Visualizing Men's and Women's March Madness with ggplot2 and rvest


Hey folks,

It’s March! That means the days are getting longer, the weather is pretty bonkers, the Cubs season has already started, and it’s time for March Madness.

For the uninitiated, that’s the roughly month-long period starting last week when men’s and women’s college basketball teams compete for their conference championship and then the National Championship. After falling apart at the end of the regular season the University of Michigan Men’s team won their conference tournament and received one of four 5 seeds. Our women’s team also had a strong season falling just short in the conference tournament in the semifinals. They received one of four 6 seeds. To be completely honest and while I’d be happy to be wrong, I doubt either team will get far in the NCAA tournament. Regardless, it’s a fun time of year when nearly anything happen.

Earlier this week the New York Times newsletter recalled that last year was the first time that the Women’s NCAA Championship game had more TV viewers than the men’s game. The women’s game had 18.9 million viewers and the men’s game had 14.8 million viewers. Much of that is being credited to Caitlin Clark. Basketball insiders have noticed that there is greater parity in both the men’s and women’s game. There are more upsets and the traditional powers have lost much of their power. That parity makes for more viewers.

Here’s the visualization that the New York Times included in their newsletter:

It’s a pretty straightforward line plot. Within {ggplot2} we’d make this with geom_line(). I’d expect a data frame with columns for the year, the gender of the players, and the n_viewers (number of viewers). We could then map year to the x aesthetic, n_viewers to the y aesthetic, and gender to the color of the line.

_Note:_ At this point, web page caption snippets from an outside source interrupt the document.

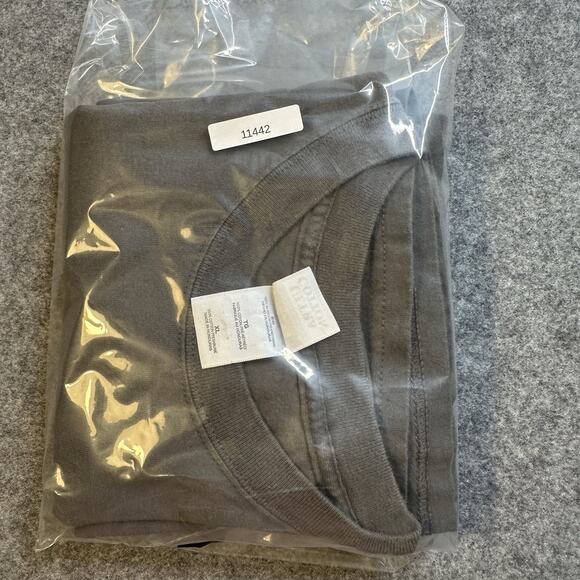 VINTAGE NEIL DIAMOND CONCERT LIVE TOUR MEN'S SIZE XL T-SHIRT GILDAN ULTRA COTTON - Picture 10 of 10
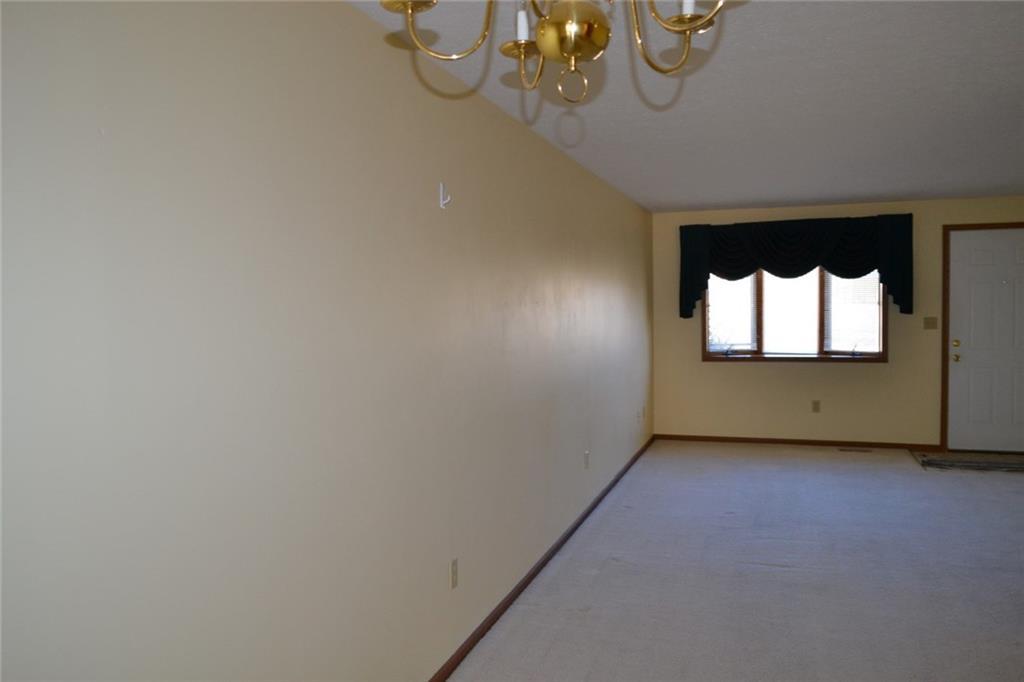 1511 Student Springfield, OH 45503 - Photo 6 of 22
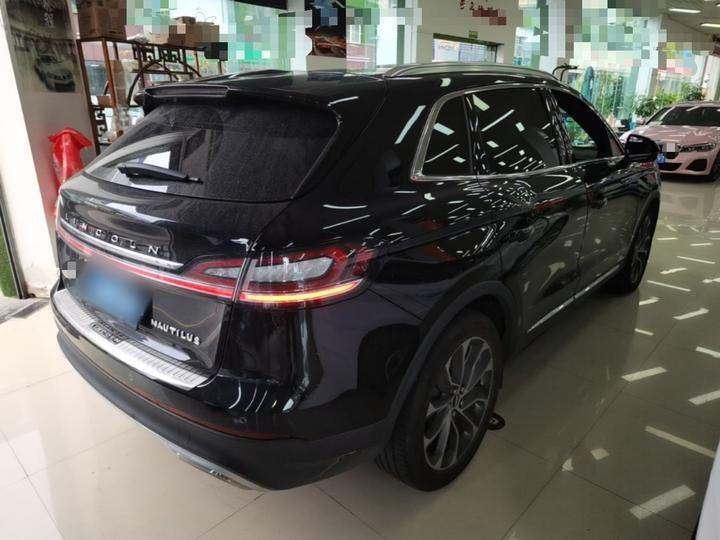 Nautilus 2021 2.0T AWD Exclusive photo 4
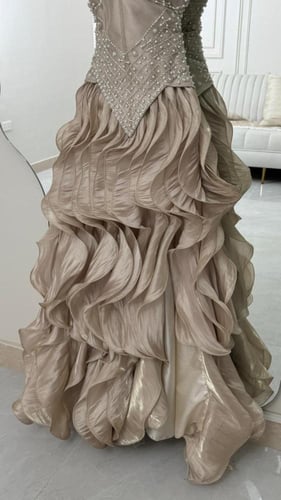 فستان لؤلؤي بقصات فرنسيه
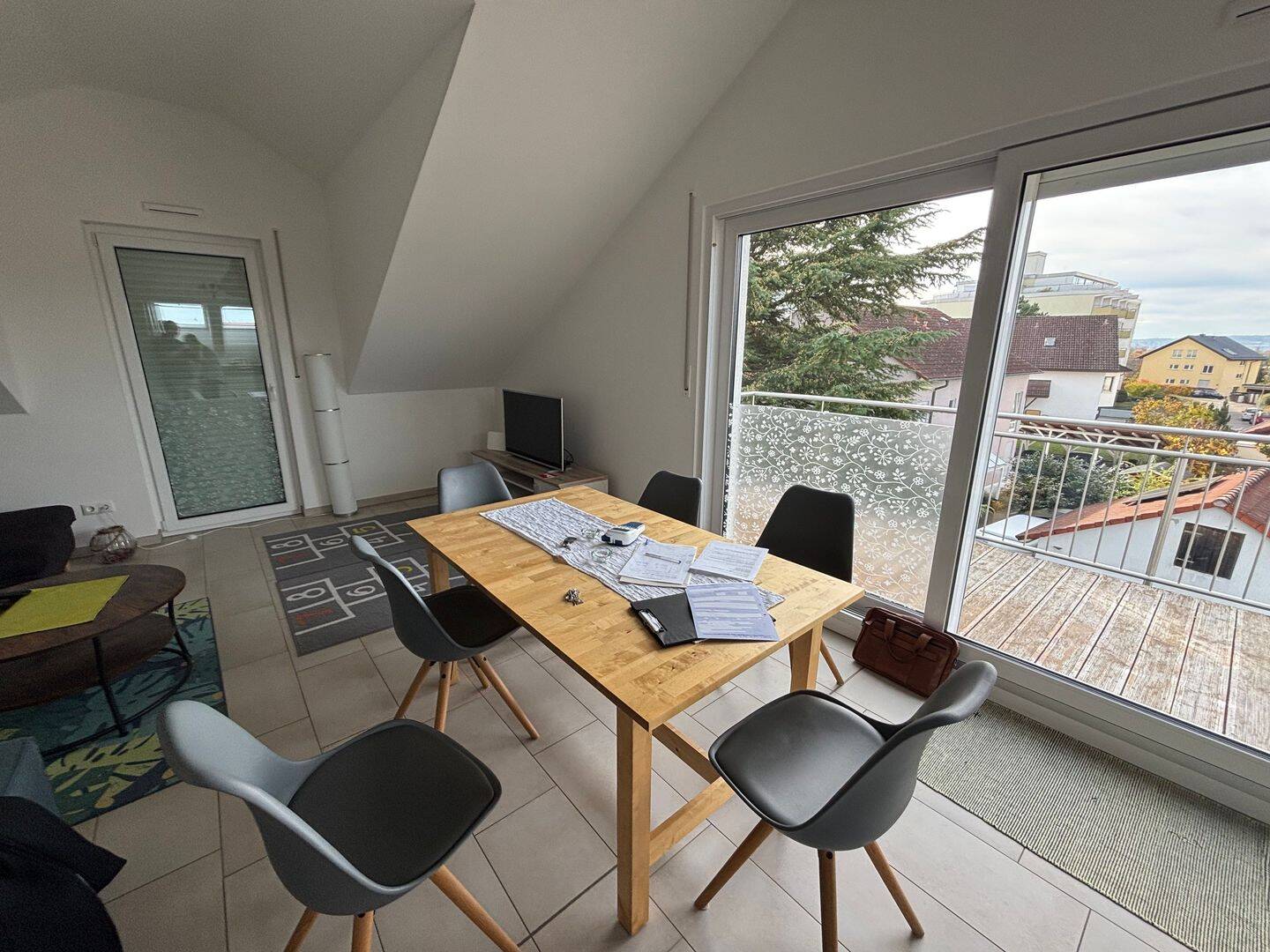 Geschmackvolle 3-Raum-Dachgeschosswohnung mit Einbauküche in Uhldingen-Mühlhofen, 88690 Uhldingen-Mühlhofen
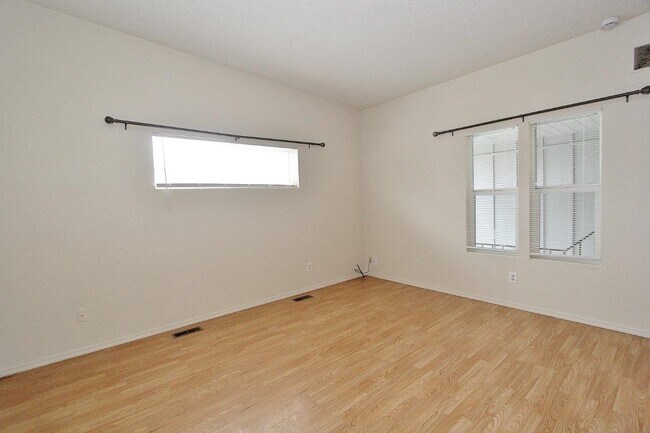 Foto del edificio - 7149 W Ustick Rd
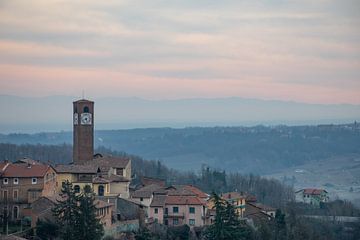 Blick auf Mombaruzzo und die piemontesischen Hügel am späten Nachmittag, Italien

A few things about the plot stand out.

First, as we’ve seen in previous videos recreating NYT visuals, the y-axis text often sits on the horizontal grid lines and the top most value includes the unit of the y-axis.

Second, on the right side of the plot they have a single point for the 2024 data along with a text annotation indicating the number of 2024 viewers for both finals broadcasts. The point and text are the same color as the line. I’d likely add this by taking the full data frame and filtering for the 2024 data. Then I’d add a geom_point() and geom_text() statement with data coming from the filtered data. I’d probably use annotate() to add the “2024 finals” annotation in black above the text with the viewership numbers.

Third, I really like the use of color. The line for the men’s data is gray and the line for the women’s data is orange. The article was about the rise in popularity of the women’s game so it makes sense to highlight those data. Labelling the 2024 data serves as a legend for the figure.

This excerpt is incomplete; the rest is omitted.